Un journaliste d’al Ahdath al Maghribiya a contacté les services du 2nd arrondissement qui « ont
catégoriquement nié que le vendeur ait été frappé, piétiné ou enchaîné…
mais on nous a confirmé qu’un moqaddem a appelé deux de ses collègues
sans autorisation de l’autorité locale, et qu’il est aujourd’hui
suspendu en attendant qu’il soit déféré devant le conseil de discipline
de la préfecture de Mohammedia ».
« Nié catégoriquement »… fort bien, donc les images sont
truquées et les témoins ont, tous, menti. On se demande bien pourquoi,
et pour quelle raison aussi le passer devant le conseil de discipline ?
Selon le quotidien al Massae qui a également rapporté l'information
et qui a interrogé des responsables de la préfecture de Mohammedia, le
vendeur est un individu "marginal, qui a un casier judiciaire et qui a tenté de fuir, ne répondant pas à l'interpellation des moqaddems".

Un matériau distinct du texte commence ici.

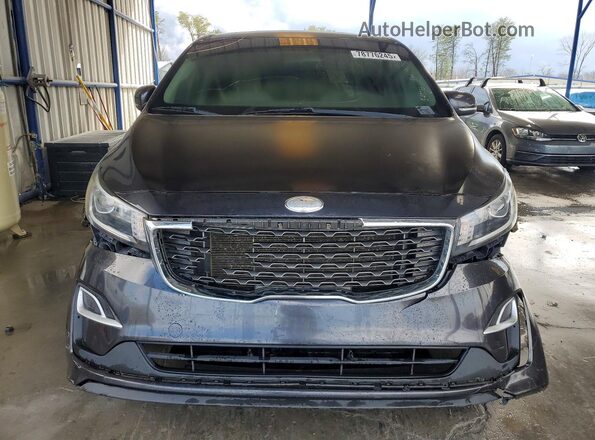 KNDMB5C1XK6540095 2019 KIA SEDONA Charcoal Вид спереду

Est-ce une raison pour l'enchaîner et le piétinier ? N'est-il pas un
citoyen qui, quand bien même il aurait un casier judiciaire, bénéficie
de droits ?
Ces dernières semaines, la société dite civile s’enflamme pour un
homosexuel lynché, pour deux jeunes femmes elles aussi exposées à la
vindicte de la foule, pour une adolescente portant short dans un souk de
Safi et invectivée… Tout cela aurait un sens si la même société civile
s’intéressait également à ce genre d’exactions d’agents (auxiliaires ou
officiels) vivant dans un autre temps et usant de mœurs qu’on croyait
révolues, mais qui ne le sont pas toujours. La société civile, pour ne
pas perdre sa crédibilité, dans les deux camps en opposition et qui
s’affrontent par faits divers interposés, avec leurs armées
d’internautes, serait grandie en pointant tous ces dérapages et en
suivant ces affaires jusque dans les salles de tribunaux.
Saluons au passage l’action du caïd qui est intervenu et a mis un
terme à cette grave atteinte des droits de l’Homme, ainsi que celle des
agents (et officier) de police) que l’on voit sur la vidéo et qui ne
sont pas intervenus pour disperser l’attroupement, se contentant de
faire la circulation, et laissant les gens exprimer leur colère.